• _Exercise materials_
= Beginning of Section =

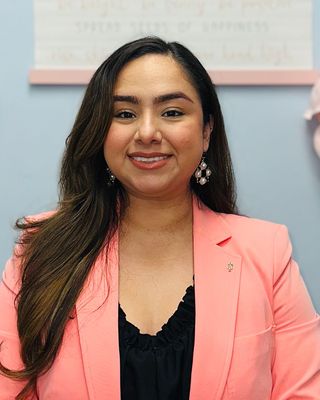 Photo of Frieda Shieccid Gutierrez, Licensed Professional Counselor, MA, LPC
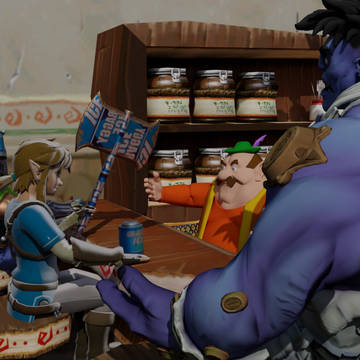 Mundo Gives 2nd Opinion to Link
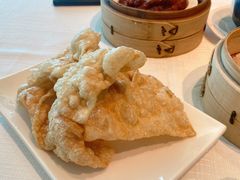 柠香蜂蜜蛋散-金悦轩海鲜酒家(拱北店)
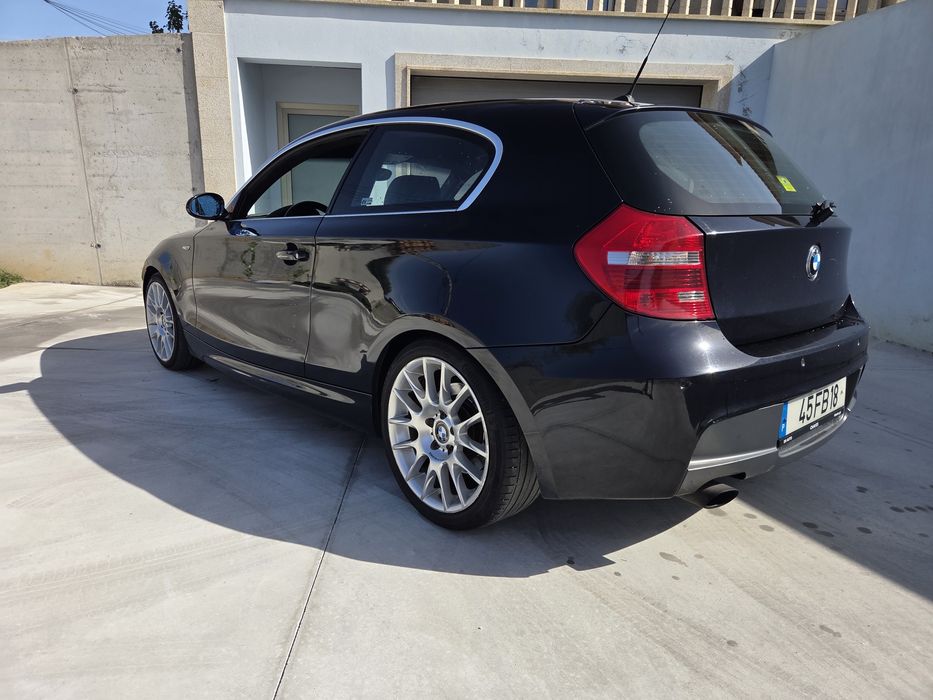 BMW 120 d Pack M Limited Edition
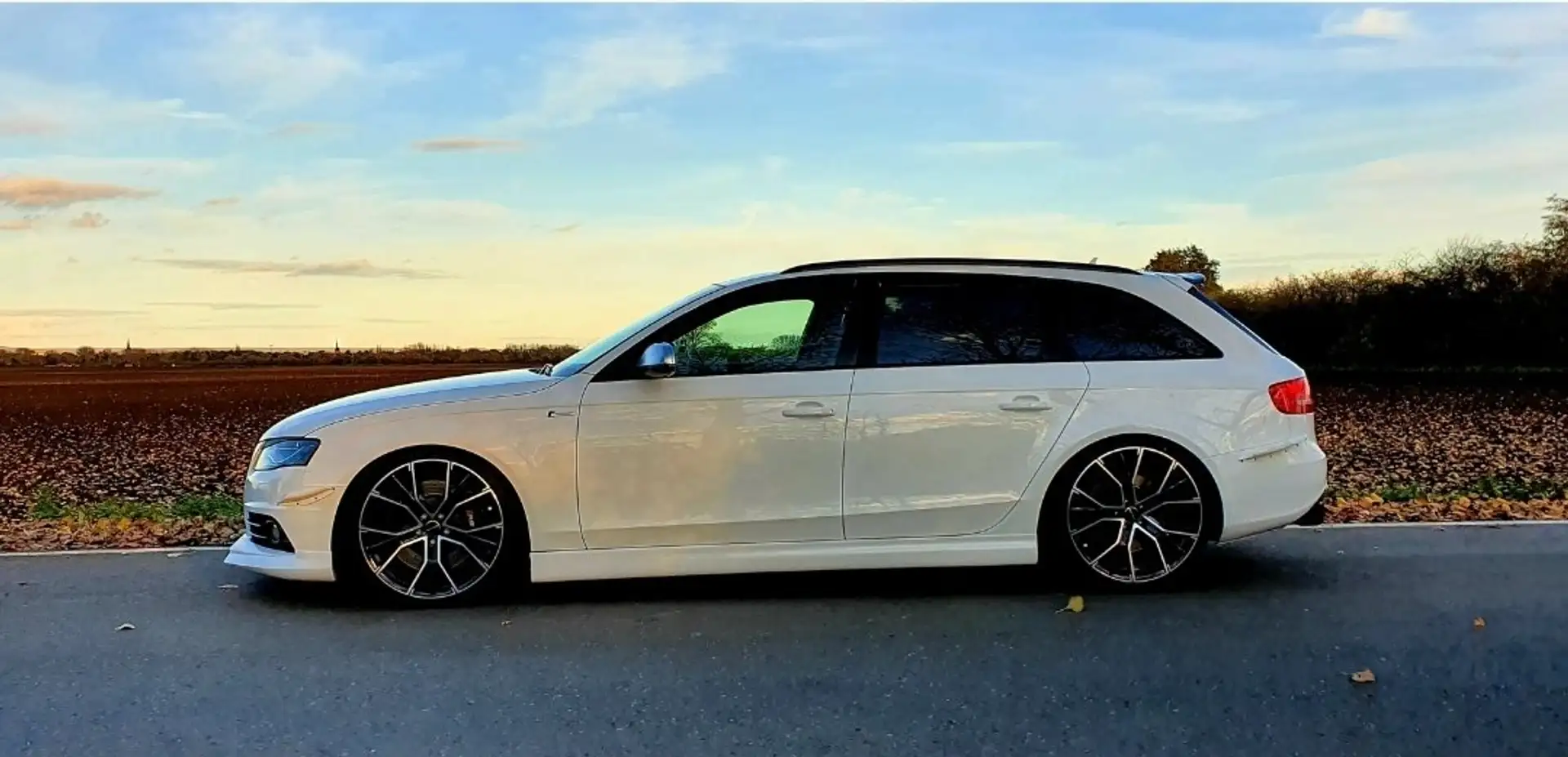 Audi S4 S4 Avant Blanco - 1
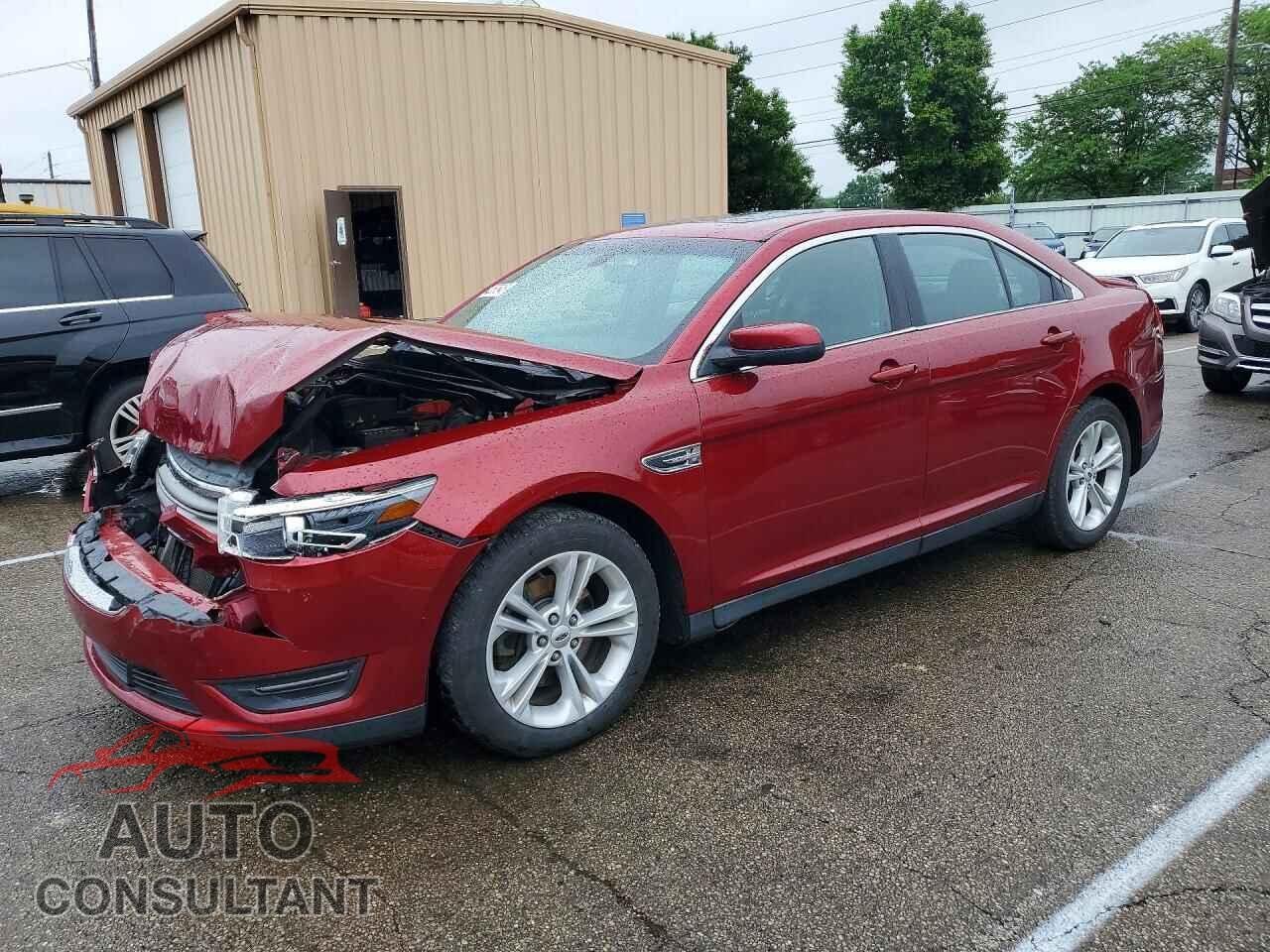 FORD TAURUS 2015 - 1FAHP2E80FG134912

= End of Section =

• _Your goal_
Repeat nothing but the lines from the one containing "Audi S4 S4 Avant Blanco - 1" through the last line of the listing, both included, exactly as written, and omit any picture.

• _Answer space_
 Audi S4 S4 Avant Blanco - 1
 FORD TAURUS 2015 - 1FAHP2E80FG134912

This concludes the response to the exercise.